T-30.I.13. It must be clear that it is easier to have a happy day if you prevent unhappiness from entering at all. 2 But this takes practice in the rules that will protect you from the ravages of fear. 3 When this has been achieved, the sorry dream of judgment has forever been undone. 4 But meanwhile, you have need for practicing the rules for its undoing. 5 Let us, then, consider once again the very first of the decisions which are offered here.

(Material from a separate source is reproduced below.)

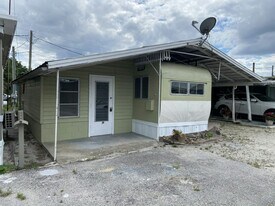 50 Circle Dr in Mount Dora, FL - Building Photo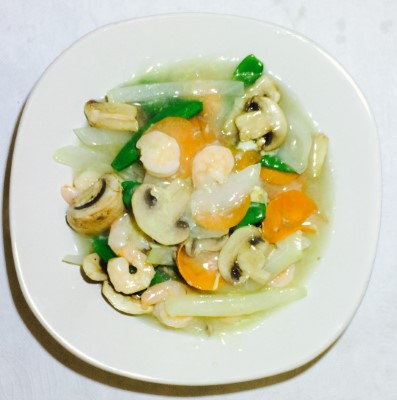 R77. Shrimp with Egg Sauce Image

T-30.I.14. We said you can begin a happy day with the determination not to make decisions by yourself. 2 This seems to be a real decision in itself. 3 And yet, you <cannot> make decisions by yourself. 4 The only question really is with what you choose to make them. 5 That is really all. 6 The first rule, then, is not coercion, but a simple statement of a simple fact. 7 You will not make decisions by yourself whatever you decide. 8 For they are made with idols or with God. 9 And you ask help of anti-Christ or Christ, and which you choose will join with you and tell you what to do.

T-30.I.15. Your day is not at random. 2 It is set by what you choose to live it with, and how the friend whose counsel you have sought perceives your happiness. 3 You always ask advice before you can decide on anything. 4 Let this be understood, and you can see there cannot be coercion here, nor grounds for opposition that you may be free. 5 There is no freedom from what must occur. 6 And if you think there is, you must be wrong.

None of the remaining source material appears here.